Madam CJ Walker

According to Guinness World Records, who was the first American woman to become a self-made millionaire?

And the answer: Madam CJ Walker.

Photo Courtesy: Michael Ochs Archives/Getty Images. 

Born in 1867 with the name Sarah Breedlove, Walker started her own company while in her 20s, launching a line of hair-care products for African American women. Considering the profits from her company, as well as her success in real estate throughout her life, she's considered the first American woman to become a millionaire.

Born to former slaves, Walker built her life and successes from the ground up. After being orphaned at age 7, becoming a mother at 17 and a widow by 20, Walker's early life was riddled with hardship. However, that didn't stop this future businesswoman. After moving to St. Louis with her daughter in 1887, Walker began to support herself and her family by working as a washerwoman, making $1.50 an hour. It was there that another development began to take place: Walker began to lose her hair.

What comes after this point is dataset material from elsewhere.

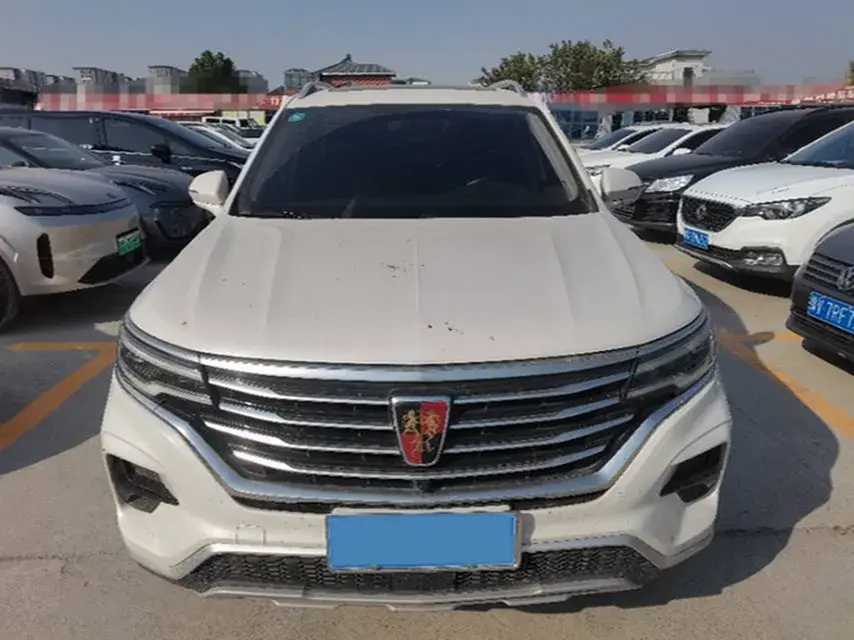 2019 ROEWE RX5 thumbnail 2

At the time, there were no hair care products on the market for white or African American women, with most women turning to home remedies for such matters. Walker began to experiment with products, soon coming up with her own remedy for her hair troubles. Interestingly, Walker claimed that the idea for her hair ointment came to her in a dream.

With the self-proved success of her product under her belt, Walker began to sell her hair elixir to the masses. With the help of her husband, she traveled door to door and town to town, teaching Black women about the wonders of hair care. At the same time her product began to take off, so too did support for her activism. The more she trained women, the more her network of Walker workers spread throughout the nation. And, with that knowledge came the spread of empowering and educational messages.

Walker went on to set up clubs and conventions with the goal of instilling self-empowerment in African American communities. Walker helped begin a narrative proving that women could make their own way, that they, too, could call the shots. In this sense, Walker's work was revolutionary.